Пока советские антропологи размышляли о роли расоведения в освещении генезиса национальностей и наций, советские этнографы думали о связях между национальным самосознанием, культурой и происхождением. Эксперты отмечали, что в настоящий момент люди, составляющие национальность или нацию, объединены рядом признаков, включая национальное самосознание. Но сами по себе национальности и нации – результат долгой социально-исторической эволюции, происходившей по «закону стадиальности»[1005]
. В статье 1934 года в журнале «Революция и национальности» объяснялись в этих социально-исторических терминах основные атрибуты нации, национальности и народности.
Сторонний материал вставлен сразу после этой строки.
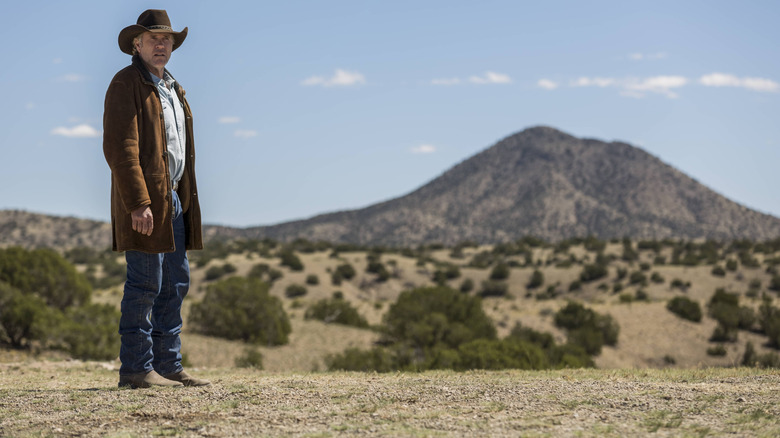 Longmire standing in open space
Как писал автор статьи, термин «нация» относится к государствообразующему народу со своей собственной территорией «и с другими государственными атрибутами», включая общий язык, хозяйственную жизнь и культуру, которые нация «получила в течение целого исторического процесса развития». Термин «национальность» относится к народу, имеющему национальное самосознание, но еще не приобретшему остальные главные атрибуты нации: общность территории, языка, хозяйственной жизни и культуры. Термин «народность» обозначает народ со своими национальными особенностями независимо от наличия национального самосознания[1006]. К 1934 году эмпирическое подтверждение того положения, что процесс социально-исторической эволюции при советской власти продолжается и ускоряется – что народности сливаются в национальности, а национальности в советские нации, – уже стало важным инструментом демонстрации успехов революции[1007].Хотя советские руководители продолжали настаивать, что когда-нибудь в будущем (после победы социализма в мировом масштабе) национальные различия поблекнут и нации сольются, существовало общее мнение, что до того – на протяжении «длительного переходного периода» – советские нации с отдельными национальными культурами будут развиваться и процветать[1008]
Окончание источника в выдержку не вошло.